Après pas moins de trente années de déclin, depuis 2020, les taux de tuberculose connaissent une hausse progressive aux États-Unis, selon un nouveau rapport des Centres américains pour le contrôle et la prévention des maladies (CDC). Une tendance préoccupante, 1,5 million de personnes succombant chaque année à cette maladie infectieuse, considérée comme la plus mortelle du monde.

« Même si elles ne meurent pas, les personnes infectées se retrouvent hospitalisées et souffrent de nombreux problèmes à long terme », explique Priya Shete, professeure de médecine associée et codirectrice du Centre de lutte contre la tuberculose de l’Université de Californie à San Francisco. « Si nous laissons les taux de tuberculose continuer à augmenter à l’échelle mondiale, à terme, cela finira par nous affecter nous également. »

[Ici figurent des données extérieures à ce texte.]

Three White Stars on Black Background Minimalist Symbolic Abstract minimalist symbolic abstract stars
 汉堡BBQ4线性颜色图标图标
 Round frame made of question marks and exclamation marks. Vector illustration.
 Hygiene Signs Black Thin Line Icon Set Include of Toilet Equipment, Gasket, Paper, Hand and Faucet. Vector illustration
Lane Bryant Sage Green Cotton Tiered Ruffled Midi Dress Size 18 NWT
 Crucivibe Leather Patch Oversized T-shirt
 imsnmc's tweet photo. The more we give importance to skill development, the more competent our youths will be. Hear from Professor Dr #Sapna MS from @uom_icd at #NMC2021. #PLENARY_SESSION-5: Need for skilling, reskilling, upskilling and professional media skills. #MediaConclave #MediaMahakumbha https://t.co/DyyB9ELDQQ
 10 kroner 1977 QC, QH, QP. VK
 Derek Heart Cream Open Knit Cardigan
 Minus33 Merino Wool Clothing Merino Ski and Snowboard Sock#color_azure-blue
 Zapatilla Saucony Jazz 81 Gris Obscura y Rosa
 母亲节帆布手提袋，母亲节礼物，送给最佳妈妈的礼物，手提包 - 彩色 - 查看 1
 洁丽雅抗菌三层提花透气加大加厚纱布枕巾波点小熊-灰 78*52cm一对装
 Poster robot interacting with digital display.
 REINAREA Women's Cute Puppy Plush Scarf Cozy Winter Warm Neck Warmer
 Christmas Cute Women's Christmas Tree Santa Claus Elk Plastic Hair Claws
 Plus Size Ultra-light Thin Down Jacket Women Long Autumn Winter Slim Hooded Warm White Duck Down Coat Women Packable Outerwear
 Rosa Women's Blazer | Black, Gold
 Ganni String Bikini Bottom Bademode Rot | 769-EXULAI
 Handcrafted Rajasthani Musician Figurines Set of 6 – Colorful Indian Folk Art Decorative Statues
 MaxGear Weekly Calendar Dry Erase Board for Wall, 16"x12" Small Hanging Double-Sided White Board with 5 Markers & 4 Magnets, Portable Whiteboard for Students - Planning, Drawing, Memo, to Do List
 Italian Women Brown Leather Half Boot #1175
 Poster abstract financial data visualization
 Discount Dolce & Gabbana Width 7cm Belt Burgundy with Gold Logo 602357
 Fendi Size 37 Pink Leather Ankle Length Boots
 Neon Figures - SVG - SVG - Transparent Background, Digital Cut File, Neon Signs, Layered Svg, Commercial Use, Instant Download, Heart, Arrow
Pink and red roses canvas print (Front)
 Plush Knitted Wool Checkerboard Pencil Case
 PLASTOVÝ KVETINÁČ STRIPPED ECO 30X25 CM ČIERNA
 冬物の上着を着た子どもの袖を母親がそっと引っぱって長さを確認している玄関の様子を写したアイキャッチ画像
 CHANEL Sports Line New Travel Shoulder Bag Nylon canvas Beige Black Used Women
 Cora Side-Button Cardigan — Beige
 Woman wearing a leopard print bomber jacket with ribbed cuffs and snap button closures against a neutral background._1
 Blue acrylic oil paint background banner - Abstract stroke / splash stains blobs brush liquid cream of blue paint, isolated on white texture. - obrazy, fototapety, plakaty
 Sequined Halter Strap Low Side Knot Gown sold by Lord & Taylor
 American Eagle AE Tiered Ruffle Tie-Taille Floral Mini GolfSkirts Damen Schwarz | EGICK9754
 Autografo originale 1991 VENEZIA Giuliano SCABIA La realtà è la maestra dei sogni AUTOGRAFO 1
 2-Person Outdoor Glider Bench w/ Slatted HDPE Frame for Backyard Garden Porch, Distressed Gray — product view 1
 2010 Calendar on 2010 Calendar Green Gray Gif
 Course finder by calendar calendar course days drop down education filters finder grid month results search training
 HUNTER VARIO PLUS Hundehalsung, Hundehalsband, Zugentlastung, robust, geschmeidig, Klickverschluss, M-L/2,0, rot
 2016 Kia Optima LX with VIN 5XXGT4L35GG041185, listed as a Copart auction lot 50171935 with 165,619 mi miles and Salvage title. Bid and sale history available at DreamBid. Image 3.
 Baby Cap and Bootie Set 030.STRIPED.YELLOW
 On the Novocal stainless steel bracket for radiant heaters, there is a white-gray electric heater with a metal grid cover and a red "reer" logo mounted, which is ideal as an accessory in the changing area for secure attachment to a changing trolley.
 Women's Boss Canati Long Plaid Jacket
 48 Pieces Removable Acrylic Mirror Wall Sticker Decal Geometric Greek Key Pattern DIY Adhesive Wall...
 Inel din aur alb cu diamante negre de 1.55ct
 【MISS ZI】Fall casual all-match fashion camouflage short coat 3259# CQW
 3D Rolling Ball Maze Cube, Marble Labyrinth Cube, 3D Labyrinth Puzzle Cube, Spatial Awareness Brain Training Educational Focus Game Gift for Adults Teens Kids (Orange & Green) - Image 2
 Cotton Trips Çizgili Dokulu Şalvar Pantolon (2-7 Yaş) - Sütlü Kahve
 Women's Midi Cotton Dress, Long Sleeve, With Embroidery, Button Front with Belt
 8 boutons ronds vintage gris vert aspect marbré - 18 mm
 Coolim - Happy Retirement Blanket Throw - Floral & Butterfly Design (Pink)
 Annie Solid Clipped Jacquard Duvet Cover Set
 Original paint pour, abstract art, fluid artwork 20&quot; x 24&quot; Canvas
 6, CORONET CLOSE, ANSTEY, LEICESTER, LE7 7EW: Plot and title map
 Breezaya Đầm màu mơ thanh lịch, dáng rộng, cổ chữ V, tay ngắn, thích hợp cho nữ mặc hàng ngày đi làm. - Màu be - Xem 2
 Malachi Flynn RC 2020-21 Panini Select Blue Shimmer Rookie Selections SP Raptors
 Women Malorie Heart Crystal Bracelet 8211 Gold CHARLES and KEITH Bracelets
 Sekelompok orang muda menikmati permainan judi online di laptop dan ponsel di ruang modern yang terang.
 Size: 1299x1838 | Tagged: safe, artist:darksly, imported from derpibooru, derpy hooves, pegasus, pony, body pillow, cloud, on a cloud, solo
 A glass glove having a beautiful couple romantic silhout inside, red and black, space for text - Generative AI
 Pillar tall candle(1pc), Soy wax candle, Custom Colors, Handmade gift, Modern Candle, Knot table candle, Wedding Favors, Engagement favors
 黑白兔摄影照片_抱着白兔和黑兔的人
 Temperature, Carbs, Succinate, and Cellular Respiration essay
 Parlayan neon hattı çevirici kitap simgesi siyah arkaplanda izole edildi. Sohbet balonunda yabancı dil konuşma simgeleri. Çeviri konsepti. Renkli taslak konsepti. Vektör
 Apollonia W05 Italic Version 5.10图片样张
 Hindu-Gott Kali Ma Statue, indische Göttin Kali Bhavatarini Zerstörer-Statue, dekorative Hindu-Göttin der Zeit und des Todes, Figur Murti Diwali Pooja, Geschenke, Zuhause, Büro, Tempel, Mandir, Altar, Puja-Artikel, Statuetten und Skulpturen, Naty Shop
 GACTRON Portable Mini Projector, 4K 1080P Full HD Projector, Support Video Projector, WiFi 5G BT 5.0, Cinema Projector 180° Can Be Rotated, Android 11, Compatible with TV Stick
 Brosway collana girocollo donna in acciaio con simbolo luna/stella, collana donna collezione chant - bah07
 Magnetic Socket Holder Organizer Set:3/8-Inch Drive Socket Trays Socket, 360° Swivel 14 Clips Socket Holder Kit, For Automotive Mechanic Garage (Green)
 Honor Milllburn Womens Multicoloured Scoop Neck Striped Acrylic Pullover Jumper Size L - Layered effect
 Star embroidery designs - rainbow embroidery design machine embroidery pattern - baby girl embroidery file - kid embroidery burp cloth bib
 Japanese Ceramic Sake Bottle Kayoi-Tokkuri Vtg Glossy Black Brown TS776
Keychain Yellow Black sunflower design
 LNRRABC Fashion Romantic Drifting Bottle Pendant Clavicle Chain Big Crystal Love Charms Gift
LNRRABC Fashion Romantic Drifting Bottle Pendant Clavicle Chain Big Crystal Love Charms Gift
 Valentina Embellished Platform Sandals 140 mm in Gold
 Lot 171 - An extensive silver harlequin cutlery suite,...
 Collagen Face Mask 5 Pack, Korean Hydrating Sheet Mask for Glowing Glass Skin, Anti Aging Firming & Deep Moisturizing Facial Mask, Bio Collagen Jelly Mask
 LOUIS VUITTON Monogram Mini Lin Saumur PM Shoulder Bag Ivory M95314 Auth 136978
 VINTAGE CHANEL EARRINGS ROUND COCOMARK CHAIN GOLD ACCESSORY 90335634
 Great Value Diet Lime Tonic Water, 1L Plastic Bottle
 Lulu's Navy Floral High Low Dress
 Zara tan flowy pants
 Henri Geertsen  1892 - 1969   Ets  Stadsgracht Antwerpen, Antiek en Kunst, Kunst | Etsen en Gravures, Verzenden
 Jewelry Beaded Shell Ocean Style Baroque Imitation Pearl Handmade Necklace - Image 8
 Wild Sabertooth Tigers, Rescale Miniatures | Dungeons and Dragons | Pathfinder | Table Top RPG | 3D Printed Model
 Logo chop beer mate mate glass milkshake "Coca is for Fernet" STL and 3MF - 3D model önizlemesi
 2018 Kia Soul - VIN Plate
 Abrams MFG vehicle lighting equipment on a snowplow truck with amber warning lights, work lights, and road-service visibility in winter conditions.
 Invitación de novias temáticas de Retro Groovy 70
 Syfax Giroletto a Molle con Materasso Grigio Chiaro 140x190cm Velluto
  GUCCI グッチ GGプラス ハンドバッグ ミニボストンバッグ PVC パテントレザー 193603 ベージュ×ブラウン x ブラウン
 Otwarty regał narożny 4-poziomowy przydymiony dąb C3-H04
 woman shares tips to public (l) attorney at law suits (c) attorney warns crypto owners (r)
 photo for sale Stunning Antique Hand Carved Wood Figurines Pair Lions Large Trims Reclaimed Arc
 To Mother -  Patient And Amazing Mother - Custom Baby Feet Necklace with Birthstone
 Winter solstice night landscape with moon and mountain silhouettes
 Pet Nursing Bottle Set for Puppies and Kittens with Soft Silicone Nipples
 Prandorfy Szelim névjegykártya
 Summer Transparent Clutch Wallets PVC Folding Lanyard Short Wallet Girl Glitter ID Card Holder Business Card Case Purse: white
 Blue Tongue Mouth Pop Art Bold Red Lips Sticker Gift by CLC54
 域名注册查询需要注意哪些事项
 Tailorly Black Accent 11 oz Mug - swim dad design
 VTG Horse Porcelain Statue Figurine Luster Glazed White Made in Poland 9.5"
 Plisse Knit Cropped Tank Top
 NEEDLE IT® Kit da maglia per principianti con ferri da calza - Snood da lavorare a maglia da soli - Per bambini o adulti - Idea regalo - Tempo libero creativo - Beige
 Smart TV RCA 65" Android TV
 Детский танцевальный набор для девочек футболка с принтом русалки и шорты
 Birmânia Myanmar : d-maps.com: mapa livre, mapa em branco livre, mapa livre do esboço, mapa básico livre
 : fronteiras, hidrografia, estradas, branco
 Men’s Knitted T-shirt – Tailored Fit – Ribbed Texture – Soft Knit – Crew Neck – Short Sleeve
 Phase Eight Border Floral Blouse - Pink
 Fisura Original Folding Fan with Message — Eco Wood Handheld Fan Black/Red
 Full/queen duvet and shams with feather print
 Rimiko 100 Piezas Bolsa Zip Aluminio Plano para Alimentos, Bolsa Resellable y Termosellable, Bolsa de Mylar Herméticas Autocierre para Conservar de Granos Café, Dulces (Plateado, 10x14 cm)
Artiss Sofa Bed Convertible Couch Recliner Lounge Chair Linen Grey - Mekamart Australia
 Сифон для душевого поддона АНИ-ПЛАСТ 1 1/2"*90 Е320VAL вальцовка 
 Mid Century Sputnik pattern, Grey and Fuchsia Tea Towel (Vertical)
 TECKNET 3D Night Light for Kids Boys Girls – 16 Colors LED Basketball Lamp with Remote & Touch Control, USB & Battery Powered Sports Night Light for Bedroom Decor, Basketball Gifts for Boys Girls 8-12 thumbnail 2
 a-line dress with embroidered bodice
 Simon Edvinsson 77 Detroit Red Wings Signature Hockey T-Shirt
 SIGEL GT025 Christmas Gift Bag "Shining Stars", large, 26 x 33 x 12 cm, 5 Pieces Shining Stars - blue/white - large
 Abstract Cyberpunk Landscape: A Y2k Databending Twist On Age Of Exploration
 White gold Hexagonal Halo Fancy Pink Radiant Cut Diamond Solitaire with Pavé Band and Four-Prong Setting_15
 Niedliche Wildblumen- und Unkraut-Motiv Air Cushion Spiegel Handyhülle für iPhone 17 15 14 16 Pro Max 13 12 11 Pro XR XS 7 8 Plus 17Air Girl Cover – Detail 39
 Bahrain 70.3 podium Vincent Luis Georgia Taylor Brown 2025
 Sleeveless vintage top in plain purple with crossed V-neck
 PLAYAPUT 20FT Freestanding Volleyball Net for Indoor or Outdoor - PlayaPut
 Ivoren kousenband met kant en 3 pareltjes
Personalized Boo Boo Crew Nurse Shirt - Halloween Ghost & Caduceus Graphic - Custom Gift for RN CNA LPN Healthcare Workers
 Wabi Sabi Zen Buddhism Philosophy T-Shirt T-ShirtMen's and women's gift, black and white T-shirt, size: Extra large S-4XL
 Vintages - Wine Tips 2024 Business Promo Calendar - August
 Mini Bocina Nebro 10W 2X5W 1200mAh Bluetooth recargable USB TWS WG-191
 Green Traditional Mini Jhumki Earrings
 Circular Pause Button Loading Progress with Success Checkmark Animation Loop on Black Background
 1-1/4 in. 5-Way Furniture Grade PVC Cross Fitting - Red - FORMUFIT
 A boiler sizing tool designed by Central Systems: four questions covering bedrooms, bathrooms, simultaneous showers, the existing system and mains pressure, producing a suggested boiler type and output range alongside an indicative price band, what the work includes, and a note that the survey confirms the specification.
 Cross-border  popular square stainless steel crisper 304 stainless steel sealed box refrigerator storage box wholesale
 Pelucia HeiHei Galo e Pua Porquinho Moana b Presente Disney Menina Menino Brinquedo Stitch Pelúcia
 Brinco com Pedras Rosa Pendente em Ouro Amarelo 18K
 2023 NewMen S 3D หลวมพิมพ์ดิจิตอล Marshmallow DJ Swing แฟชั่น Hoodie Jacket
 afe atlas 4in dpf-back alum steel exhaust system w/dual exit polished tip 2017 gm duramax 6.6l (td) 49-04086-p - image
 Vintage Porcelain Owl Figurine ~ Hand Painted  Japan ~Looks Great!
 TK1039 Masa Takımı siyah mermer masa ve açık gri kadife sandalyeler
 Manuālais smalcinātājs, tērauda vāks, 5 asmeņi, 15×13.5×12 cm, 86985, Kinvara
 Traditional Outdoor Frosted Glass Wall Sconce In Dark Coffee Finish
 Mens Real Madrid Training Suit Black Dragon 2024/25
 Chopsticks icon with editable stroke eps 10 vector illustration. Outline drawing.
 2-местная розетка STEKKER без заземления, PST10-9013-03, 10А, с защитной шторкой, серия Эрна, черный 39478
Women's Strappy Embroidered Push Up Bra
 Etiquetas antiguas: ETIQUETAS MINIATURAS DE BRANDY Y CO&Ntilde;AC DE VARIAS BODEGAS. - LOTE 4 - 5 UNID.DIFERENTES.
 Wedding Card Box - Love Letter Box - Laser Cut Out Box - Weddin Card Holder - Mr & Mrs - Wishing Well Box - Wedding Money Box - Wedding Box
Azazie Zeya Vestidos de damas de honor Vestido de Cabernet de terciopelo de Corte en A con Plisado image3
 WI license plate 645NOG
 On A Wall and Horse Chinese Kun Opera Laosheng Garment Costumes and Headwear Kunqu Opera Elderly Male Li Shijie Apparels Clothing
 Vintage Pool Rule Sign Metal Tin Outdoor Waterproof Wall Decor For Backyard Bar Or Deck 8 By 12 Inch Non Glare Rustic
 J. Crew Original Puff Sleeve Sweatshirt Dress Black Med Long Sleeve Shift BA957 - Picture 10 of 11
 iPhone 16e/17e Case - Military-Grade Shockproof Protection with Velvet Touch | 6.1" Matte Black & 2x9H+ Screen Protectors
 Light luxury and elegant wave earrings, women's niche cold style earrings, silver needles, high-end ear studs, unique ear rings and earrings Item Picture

Aux États-Unis, le nombre de cas signalés en 2023 a été le plus élevé de ces dix dernières années. La majeure partie de ces cas ne sont pas de nouvelles transmissions, mais de soudaines activations d’infections latentes qui n’avaient pas été détectées ou qui n’avaient pas été traitées correctement.

Bien que la tuberculose touche des milliers de personnes dans le pays, et des millions à travers le monde, « la plupart des Américains ne risquent pas de développer la tuberculose », révèle Philip LoBue, directeur de la division chargée de l’élimination de la maladie aux CDC.

Par rapport à des pays qui présentent un taux d’incidence très élevé, comme l’Inde, la Chine et les Philippines, dans le cas des États-Unis, le risque d’infection compte parmi les plus faibles au monde. Ce récent bouleversement dans la tendance a cependant soulevé des questions, et lancé quelques sonnettes d’alarme chez les experts en maladies infectieuses et en santé publique. Voici ce qu’il faut savoir sur les causes et les implications de cette soudaine recrudescence.

 

CONTAGION, SYMPTÔMES ET TRAITEMENTS

La tuberculose est l’une des maladies les plus anciennes et les plus mortelles de l’histoire de l’humanité. Pendant des millénaires, elle a affligé les populations du monde entier, ce qui lui a valu divers inquiétants surnoms, tels que « la peste blanche » ou « la consomption ». Il y a seulement un siècle et demi, environ 80 % des infections actives étaient mortelles. Depuis, grâce au développement de nouveaux vaccins, diagnostics et traitements antibiotiques, les taux étaient en baisse partout dans le monde.

La tuberculose est causée par une infection bactérienne très contagieuse qui affecte principalement les poumons, mais peut également endommager les reins, le cœur, les os, les articulations et les vaisseaux sanguins. Si elle se propage, elle peut provoquer une méningite tuberculeuse, c’est-à-dire une inflammation de la moelle épinière et des tissus qui enveloppent le cerveau, ou une hépatite, une inflammation du foie.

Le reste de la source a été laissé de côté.